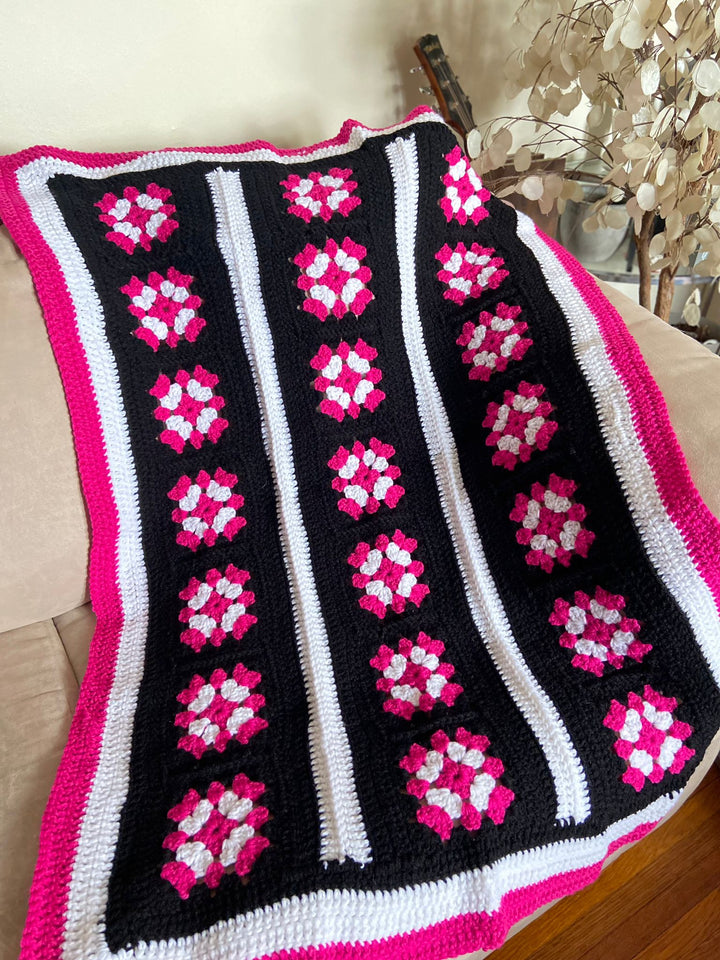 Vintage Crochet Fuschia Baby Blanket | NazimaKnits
--
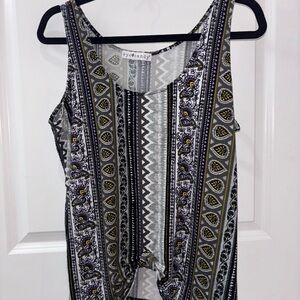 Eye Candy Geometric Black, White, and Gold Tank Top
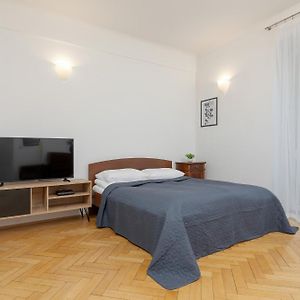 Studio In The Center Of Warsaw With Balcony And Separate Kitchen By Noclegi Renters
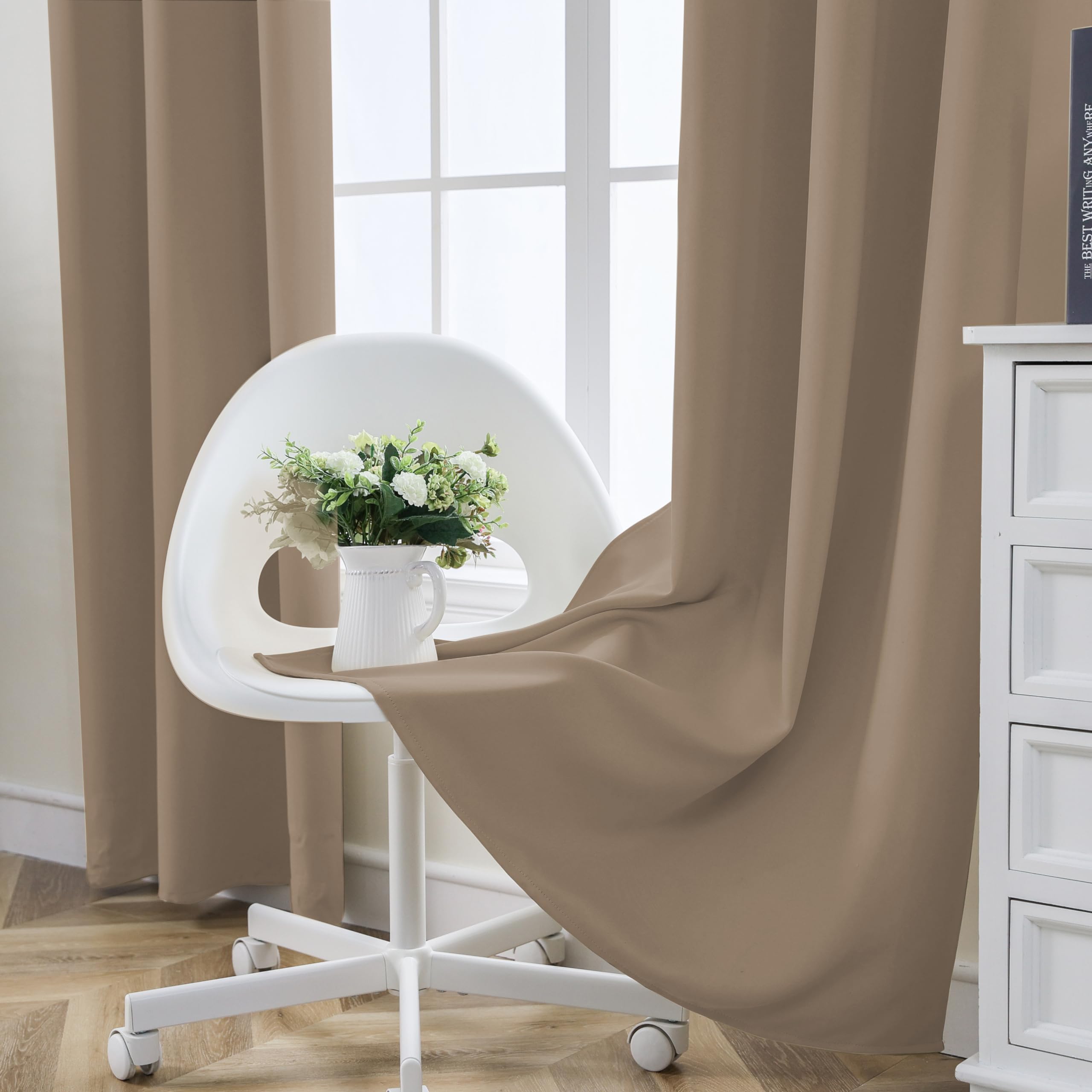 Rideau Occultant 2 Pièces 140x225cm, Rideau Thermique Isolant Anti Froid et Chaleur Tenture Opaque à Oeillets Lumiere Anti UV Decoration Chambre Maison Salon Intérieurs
--
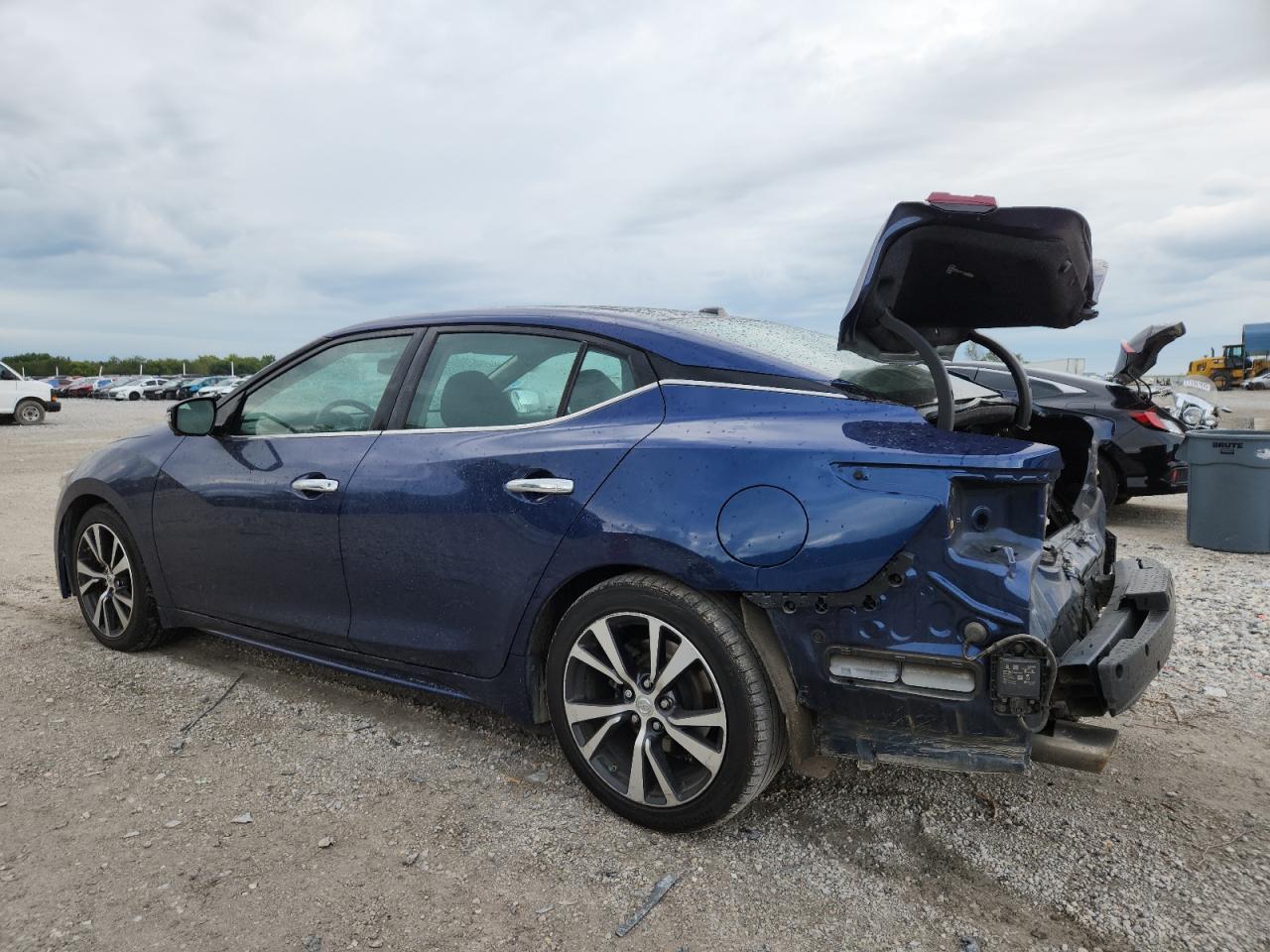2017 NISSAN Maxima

_WORK INSTRUCTION_
How would the lines above read from the one with "Studio In The" to the one with "Rideau Occultant 2", inclusive, with no pictures? Write them out exactly.

_FINAL ANSWER_
 Studio In The Center Of Warsaw With Balcony And Separate Kitchen By Noclegi Renters
 Rideau Occultant 2 Pièces 140x225cm, Rideau Thermique Isolant Anti Froid et Chaleur Tenture Opaque à Oeillets Lumiere Anti UV Decoration Chambre Maison Salon Intérieurs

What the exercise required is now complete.